We have often had occasion to reflect on Ulrich and that racehorse. Doubtless he was wrong to abandon culture because culture abandoned him. On strong characters, such depredations act as a spur, not a sedative. But if we must regret Ulrich’s lack of resolution we may still sympathize with the feelings that lay behind it. What if Ulrich were with us today, when we boast not only racehorses but also pop stars and performance artists of “genius”? The trek toward trivialization that Musil descried in the late 1920s has become an all-out race toward an ever-receding bottom.

What prompted this gloomy thought was the news that John Rockwell, head of The New York Times’s Sunday Arts & Leisure section, would be stepping down. Most long-time readers of the Times will remember Mr. Rockwell chiefly as a former rock critic. He has written about classical music and other cultural matters, too, where his tastes lean heavily toward the avant-garde. But it is as a champion of pop music that he really made his name. And it was as a champion of the pop sensibility writ large that he presided over the coverage of culture and the arts at our paper of record. Mr. Rockwell will step into the newly created post of “senior cultural correspondent.” The word is that Howell Raines, the Times’s new executive editor, was happy to replace Mr. Rockwell. But why? Could it be that Mr. Raines is bringing a new air of seriousness to the Times? After all, to say that the paper’s cultural coverage has gone down-market in recent years is like saying that Enron has an image problem.

Coverage of ideas and the arts in The New York Times has been dumbed down, thinned out, tarted up, and generally transformed into a species of advertising copy. Readers given to metaphysical speculation have often embarrassed themselves with predictions that the nadir had been reached when, lo! next week’s paper appeared and was even worse than the week before. Even as we write, an international team of philosophers is said to be deliberating about whether to name a new paradox after the Times: just as Zeno gave the world thorny paradoxes about motion, so The New York Times has given us the spectacle of constant declivity without destination.

This remarkable performance has been the work of many hands, of course, but John Rockwell must be given a significant share of the credit—if “credit” is the word we want. He indubitably has the common touch. So it would be entirely understandable if a new management, determined to deepen the paper’s cultural coverage, should look beyond Mr. Rockwell.

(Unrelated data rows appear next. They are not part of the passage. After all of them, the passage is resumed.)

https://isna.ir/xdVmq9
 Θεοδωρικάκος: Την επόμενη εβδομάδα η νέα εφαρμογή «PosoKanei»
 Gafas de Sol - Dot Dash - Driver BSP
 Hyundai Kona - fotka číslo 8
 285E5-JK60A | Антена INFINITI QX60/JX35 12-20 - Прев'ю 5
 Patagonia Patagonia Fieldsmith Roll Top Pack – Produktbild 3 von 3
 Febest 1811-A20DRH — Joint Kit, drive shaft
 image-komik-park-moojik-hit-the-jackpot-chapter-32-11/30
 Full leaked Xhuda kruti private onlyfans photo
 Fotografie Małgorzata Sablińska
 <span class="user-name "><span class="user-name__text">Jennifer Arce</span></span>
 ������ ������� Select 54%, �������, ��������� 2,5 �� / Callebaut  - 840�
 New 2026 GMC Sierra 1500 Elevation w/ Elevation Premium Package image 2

We were amazed, then, to learn that, for Howell Raines, the problem with John Rockwell was not that he was too demotic, too pop- and celebrity-oriented but, on the contrary, that he was not pop- and celebrity-oriented enough. The irony of the situation was not lost on Mr. Rockwell. “Howell thought that [Arts & Leisure] was esoteric, boring and that nobody read it,” he said in a recent interview;

it wasn’t germane or relevant to people’s interests. There is a certain irony in this, since I am the former rock critic and since we ran 277 stories about movies last year… . We did a lot of stories about popular music and about popular culture; we put pop singers and stuff on the cover.

And how! But were there enough pop singers on the cover? The criticism of high culture in the Times was poor, it was threadbare, it was spotty: but was it poor, threadbare, and spotty enough? An article about Mr. Rockwell’s reassignment in the February 18 issue of The New York Observer quoted an unnamed Times reporter who said “with Arts & Leisure, we need less Peking Opera and more Britney Spears.” Robert Musil’s Ulrich would know just where he was with a statement like that. Yesterday it was the race horse of genius; today it’s the pubescent pop star. Tomorrow? Second-guessing what the Times will do is a mug’s game. Who know what unexplored avenues of trivialization are left to champion? All we can be sure of is that, misstep by misstep, the Times is gradually preparing its own irrelevance.